Your objective — Working from the records below, repeat exactly the lines starting at the line that contains "Galveston Group Getaway" and ending at the line that contains "Lululemon essential tank", inclusive.

Material for the task —
***
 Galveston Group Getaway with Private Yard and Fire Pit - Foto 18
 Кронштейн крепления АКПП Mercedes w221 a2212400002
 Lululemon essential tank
***
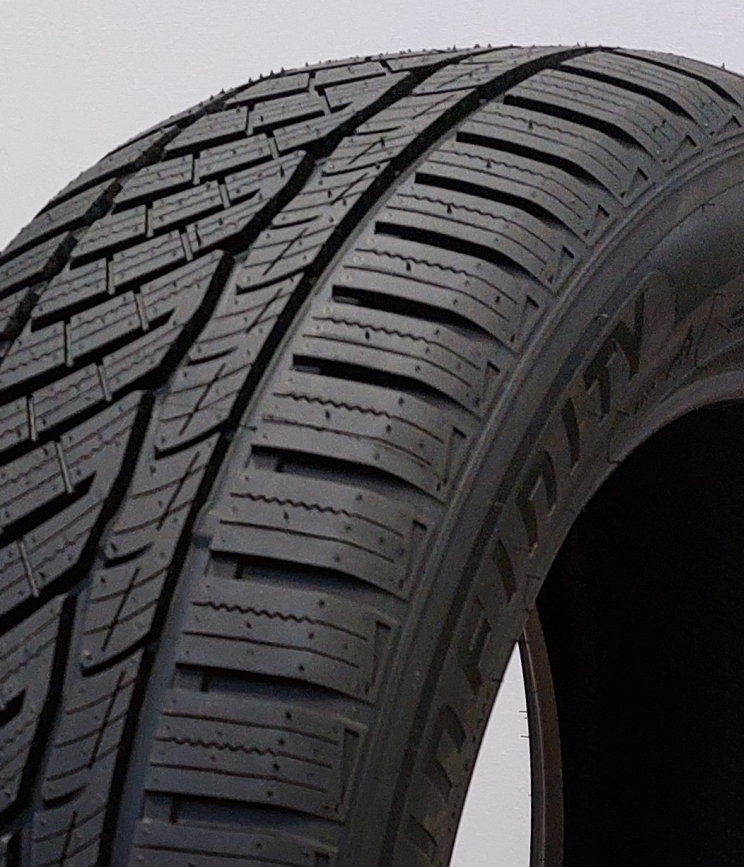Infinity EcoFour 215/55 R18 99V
***
Result —
 Galveston Group Getaway with Private Yard and Fire Pit - Foto 18
 Кронштейн крепления АКПП Mercedes w221 a2212400002
 Lululemon essential tank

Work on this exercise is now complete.